Más allá del caso concreto, el conflicto plantea preguntas profundas sobre el valor de los datos y quién debe beneficiarse de ellos. Si una plataforma recopila información sobre la actividad de sus usuarios, ¿puede luego cobrar por revelar esa misma información a los interesados? La respuesta del regulador europeo podría sentar un precedente importante. Mientras tanto, las empresas que operan en la UE deben revisar sus políticas de datos y asegurarse de que no existen contradicciones entre su modelo de negocio y los derechos fundamentales de los ciudadanos. La implementación de servicios cloud aws y azure bien configurados, junto con soluciones de inteligencia artificial para auditar y gestionar el flujo de datos, puede ayudar a mantener la transparencia sin comprometer la privacidad.

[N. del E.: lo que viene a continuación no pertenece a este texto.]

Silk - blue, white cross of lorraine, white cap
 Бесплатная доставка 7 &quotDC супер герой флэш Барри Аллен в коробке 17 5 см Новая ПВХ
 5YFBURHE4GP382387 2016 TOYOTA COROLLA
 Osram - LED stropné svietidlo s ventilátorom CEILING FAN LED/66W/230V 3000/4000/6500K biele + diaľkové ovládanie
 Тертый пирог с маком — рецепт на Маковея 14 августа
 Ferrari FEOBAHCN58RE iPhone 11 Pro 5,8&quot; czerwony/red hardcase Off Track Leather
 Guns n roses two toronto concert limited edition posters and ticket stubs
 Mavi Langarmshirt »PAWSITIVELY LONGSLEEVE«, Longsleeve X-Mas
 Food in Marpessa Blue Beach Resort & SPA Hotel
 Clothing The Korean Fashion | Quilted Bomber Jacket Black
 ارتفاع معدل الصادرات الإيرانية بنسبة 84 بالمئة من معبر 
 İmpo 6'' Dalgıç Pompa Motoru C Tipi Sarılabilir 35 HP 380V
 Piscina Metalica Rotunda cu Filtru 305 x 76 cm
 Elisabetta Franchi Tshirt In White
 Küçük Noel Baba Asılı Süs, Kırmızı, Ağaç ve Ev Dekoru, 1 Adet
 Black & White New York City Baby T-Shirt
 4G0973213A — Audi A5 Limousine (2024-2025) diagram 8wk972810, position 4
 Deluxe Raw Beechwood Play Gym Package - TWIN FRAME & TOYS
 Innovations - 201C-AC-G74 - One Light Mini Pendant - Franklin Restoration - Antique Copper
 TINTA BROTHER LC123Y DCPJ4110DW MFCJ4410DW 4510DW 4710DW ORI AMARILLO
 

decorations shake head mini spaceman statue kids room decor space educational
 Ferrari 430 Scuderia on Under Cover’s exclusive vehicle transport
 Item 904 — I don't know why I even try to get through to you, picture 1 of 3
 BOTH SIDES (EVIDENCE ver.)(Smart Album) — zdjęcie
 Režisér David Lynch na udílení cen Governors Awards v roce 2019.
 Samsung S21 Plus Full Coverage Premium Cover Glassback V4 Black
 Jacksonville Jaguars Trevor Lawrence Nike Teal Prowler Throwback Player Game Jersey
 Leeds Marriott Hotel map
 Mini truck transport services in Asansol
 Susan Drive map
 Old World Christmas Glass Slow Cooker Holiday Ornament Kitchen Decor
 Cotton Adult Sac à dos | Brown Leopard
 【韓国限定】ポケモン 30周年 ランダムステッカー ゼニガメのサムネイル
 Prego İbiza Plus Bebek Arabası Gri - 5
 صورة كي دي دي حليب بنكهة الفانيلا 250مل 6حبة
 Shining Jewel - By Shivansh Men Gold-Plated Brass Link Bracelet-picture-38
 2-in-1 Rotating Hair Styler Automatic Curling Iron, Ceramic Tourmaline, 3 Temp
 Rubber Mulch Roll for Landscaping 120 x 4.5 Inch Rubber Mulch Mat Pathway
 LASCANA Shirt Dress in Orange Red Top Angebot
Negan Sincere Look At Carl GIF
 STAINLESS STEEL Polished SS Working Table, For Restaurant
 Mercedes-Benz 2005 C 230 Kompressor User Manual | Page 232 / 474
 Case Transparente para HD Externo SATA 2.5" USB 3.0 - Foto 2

Desde una perspectiva técnica, el reto no es menor. Las bases de datos que registran las visitas a perfiles almacenan información que puede ser considerada dato personal tanto del visitante como del visitado. Un diseño cuidadoso de la arquitectura de datos, apoyado en servicios inteligencia de negocio como power bi, permite a las organizaciones ofrecer paneles de control que cumplan con los derechos de acceso sin exponer información sensible de terceros. Q2BSTUDIO ofrece ia para empresas y agentes IA que automatizan la respuesta a solicitudes de acceso, garantizando que cada petición se procese de acuerdo con la normativa vigente. Este enfoque no solo evita sanciones, sino que genera confianza entre los usuarios.

El caso de LinkedIn probablemente se resolverá en los tribunales austriacos, pero sus consecuencias podrían extenderse a otras compañías que utilizan los datos como moneda de cambio para suscripciones. La resolución obligará a replantear cómo se obtiene el consentimiento y cómo se comercializa la información personal. Hasta entonces, las empresas harían bien en adelantarse a posibles cambios regulatorios adoptando un marco de gestión de datos ético y técnicamente sólido. Desde el diseño de aplicaciones a medida hasta la integración de ciberseguridad en cada capa del sistema, la preparación es la mejor defensa frente a un entorno legal cada vez más exigente.